X-linked Hypophosphataemia (XLH) is a rare, complex and progressive disease that affects the body’s ability to absorb phosphate and develop healthy bones and teeth. Symptoms vary widely between individuals and within individuals over time.
Below are some of the most common issues seen in children (Paediatric symptoms) and in adults (Adult symptoms).
Development of the Legs: In children the first thing that is noticed is that there is some bowing of the legs. It can be missed initially as toddlers often have a degree of mild ‘physiological’ bowing. Children with XLH may walk late or have pain in their legs, with swelling of the ankles, knees and wrists or a waddling gait. These are all signs of rickets and children may be misdiagnosed as having vitamin-D deficiency rickets.

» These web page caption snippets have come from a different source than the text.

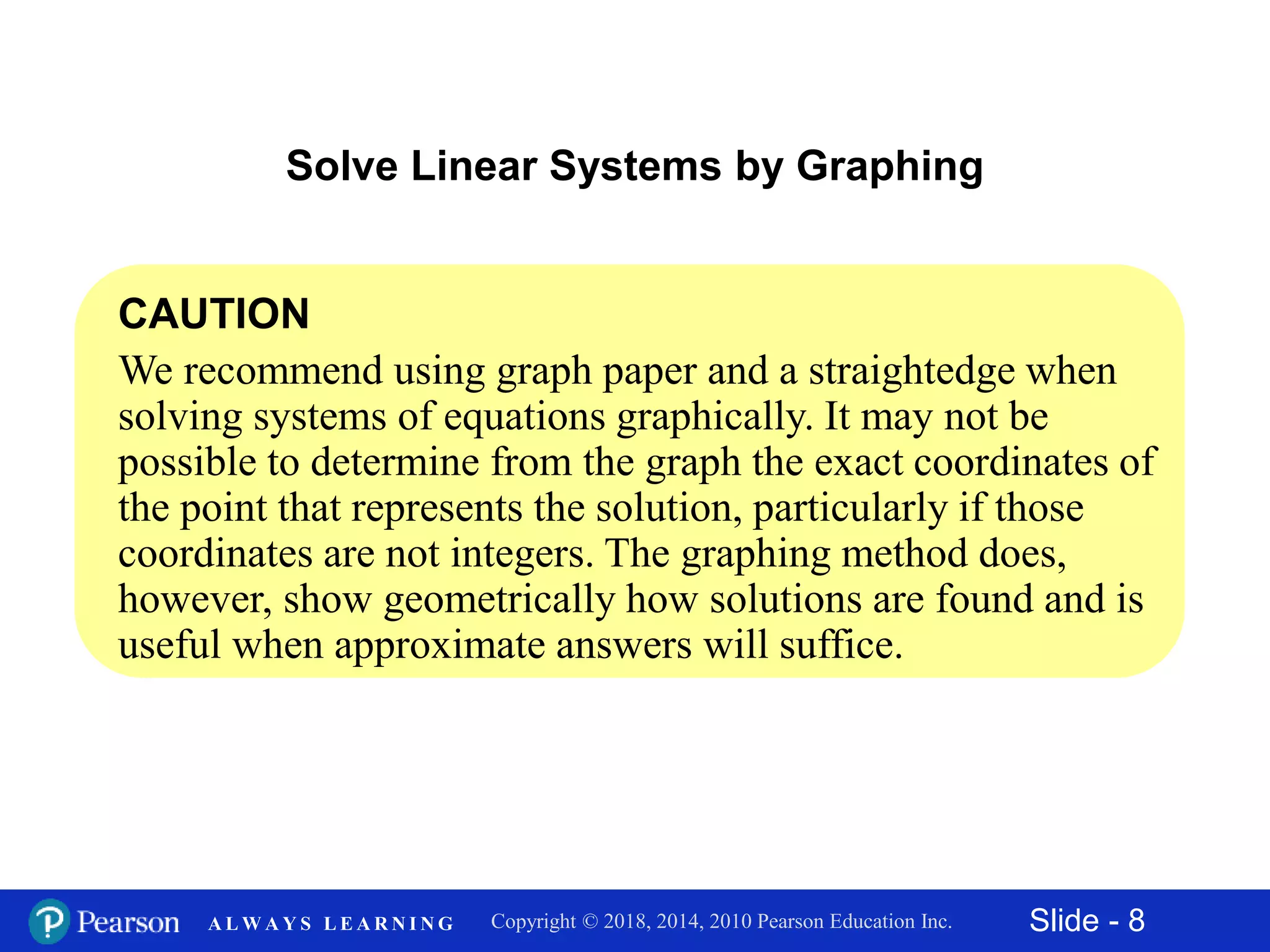 Slide - 8Copyright © 2018, 2014, 2010 Pearson Education Inc.A L W A Y S L E A R N I N G
CAUTION
We recommend using graph paper and a straightedge when
solving systems of equations graphically. It may not be
possible to determine from the graph the exact coordinates of
the point that represents the solution, particularly if those
coordinates are not integers. The graphing method does,
however, show geometrically how solutions are found and is
useful when approximate answers will suffice.
Solve Linear Systems by Graphing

Normally the diagnosis of rickets is made by radiographs. Once rickets is diagnosed and vitamin D deficiency is ruled out, then the diagnosis of hypophosphataemic rickets is confirmed using paired urine and blood tests. This looks at how much phosphate is being lost in the urine, combined with low blood phosphate level (phosphate wasting). Other clues to the diagnosis may be tooth abscesses or affected family members.
The key to making the diagnosis is the doctor thinking about this as a possibility. Sometimes the phosphate can be in the lower part of the normal range and children can go for many months and years before someone looks more closely. After establishing the clinical diagnosis, the genetic diagnosis can be made. Most of the time it is due to a mutation in PHEX but there are other causes of hypophosphataemia.
Development of the Skull: Some children with XLH may have craniosynostosis, a condition where the skull bones fuse prematurely, leading to abnormal head shape and potential developmental issues. Surgery is the primary treatment method and aims to release the fused sutures and allow for normal brain growth. The long-term prognosis varies depending on individual factors, but early diagnosis and intervention are crucial for better outcomes.
Chiari type 1 malformation is a structural problem in the brain where the cerebellar tonsils extend below the opening at the base of the skull. It is detected in 25–50% of children with XLH, by use of cranial MRI or CT scan. Most cases are asymptomatic, but compression of the lower brainstem and upper cervical cord might cause symptoms requiring surgical correction.
In adults with XLH, symptoms can vary in severity over time, and some individuals may have milder or more severe manifestations of XLH.
One of the most prevalent symptoms is bone pain, which can be chronic and affect different parts of the body. Adults with XLH may experience pain in their legs, arms, and lower back, making it challenging to perform regular activities.
Because of phosphate wasting, adults with XLH are also at a higher risk of developing bone deformities, such as bowed legs or an abnormal curvature of the spine (kyphosis). Stress fractures may not heal as easily and bones are at risk of insufficiency fractures because they are softer (osteomalacia). Joints may be stiff and develop enthesopathies (abnormalities where tendons and ligaments attach to bones). These deformities can lead to further discomfort and difficulty in movement.
Adults with XLH may also suffer from muscle weakness, which can contribute to reduced physical strength and endurance. This weakness may affect their ability to walk long distances or participate in physical activities.